THOUGHTS ABOUT THE PASSAGE:
To seek to earn, merit, or purchase salvation is to insult the Giver. Imagine yourself invited to a banquet in the White House by the president of the United States. You are seated at a table that is filled with the choist foods. Every effort is made to give you a most enjoyable evening. At the end of a lovely visit, the president stands at the door to bid you good-bye. What do you do? As you leave do you press a dime into his hand and say, “Thank you very much for your kindness. I realize it has cost you a lot of money, and I want to help you pay for the meal.” Is that the proper response to his kindness? On the contrary, it would be a very rude and insulting gesture.

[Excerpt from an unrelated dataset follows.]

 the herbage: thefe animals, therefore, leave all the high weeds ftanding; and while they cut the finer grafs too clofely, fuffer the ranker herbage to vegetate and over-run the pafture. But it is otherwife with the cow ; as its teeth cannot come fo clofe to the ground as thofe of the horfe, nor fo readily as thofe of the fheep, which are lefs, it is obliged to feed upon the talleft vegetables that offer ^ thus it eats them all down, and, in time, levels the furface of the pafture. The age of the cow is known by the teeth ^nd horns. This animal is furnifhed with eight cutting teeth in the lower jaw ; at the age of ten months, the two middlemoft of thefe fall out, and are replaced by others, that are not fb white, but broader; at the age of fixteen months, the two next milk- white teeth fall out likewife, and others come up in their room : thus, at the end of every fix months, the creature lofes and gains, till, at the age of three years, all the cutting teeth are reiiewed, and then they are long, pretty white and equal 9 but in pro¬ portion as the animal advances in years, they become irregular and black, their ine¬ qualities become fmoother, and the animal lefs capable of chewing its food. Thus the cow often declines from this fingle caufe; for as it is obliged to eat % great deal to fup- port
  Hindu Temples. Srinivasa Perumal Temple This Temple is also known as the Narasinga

So it would be with God’s grace. (William MacDonald, The Grace of God - Swindoll’s Book of Illustrations, p. 250.)
In the previous chapter Paul’s focus of attention has been on earthly, physical experiences in the gospel. In order to avoid exalting himself he describes these experiences in the third person.

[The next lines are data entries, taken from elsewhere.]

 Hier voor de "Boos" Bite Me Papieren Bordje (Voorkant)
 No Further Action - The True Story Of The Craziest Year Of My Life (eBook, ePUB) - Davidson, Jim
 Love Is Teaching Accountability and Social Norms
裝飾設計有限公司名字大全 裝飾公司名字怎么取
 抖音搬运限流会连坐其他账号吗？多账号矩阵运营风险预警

1. The revelation (vv. 1 6) Fourteen years before the writing of this letter Paul had been caught up into the very presence of Christ in heaven (v. 20). Paul was not quite sure whether God had taken him bodily to heaven, or whether his spirit had left his body. Possibly this was when he was stoned and his broken and bruised body lay in the dust near Lystra (Acts 14:19). At any rate Paul had kept quiet about this experience for 14 years. If he had been seeking honor for himself, he would have immediately told what had happened and would have become famous. Instead, he exercised discipline and told his experience to no one.
2. The thorn in the flesh (vv. 7 10) The Lord knows how to balance our lives. If we have only victories and blessings, we may become proud; so He permits us to have burdens as well. For this reason he permitted his dear apostle to have a "thorn in the flesh." We do not know what it was except that it was some annoying, painful and persistent source of suffering. Some Bible scholars think it was an eye affliction of some kind (Galatians 6:11). Three times Paul asked the Lord to remove it but instead He just gave him the grace to endure it.
God did not give Paul any explanations but instead gave him His grace. When I face obstacles, it is only by His grace and His power that I will be made effective to do a work that has everlasting value.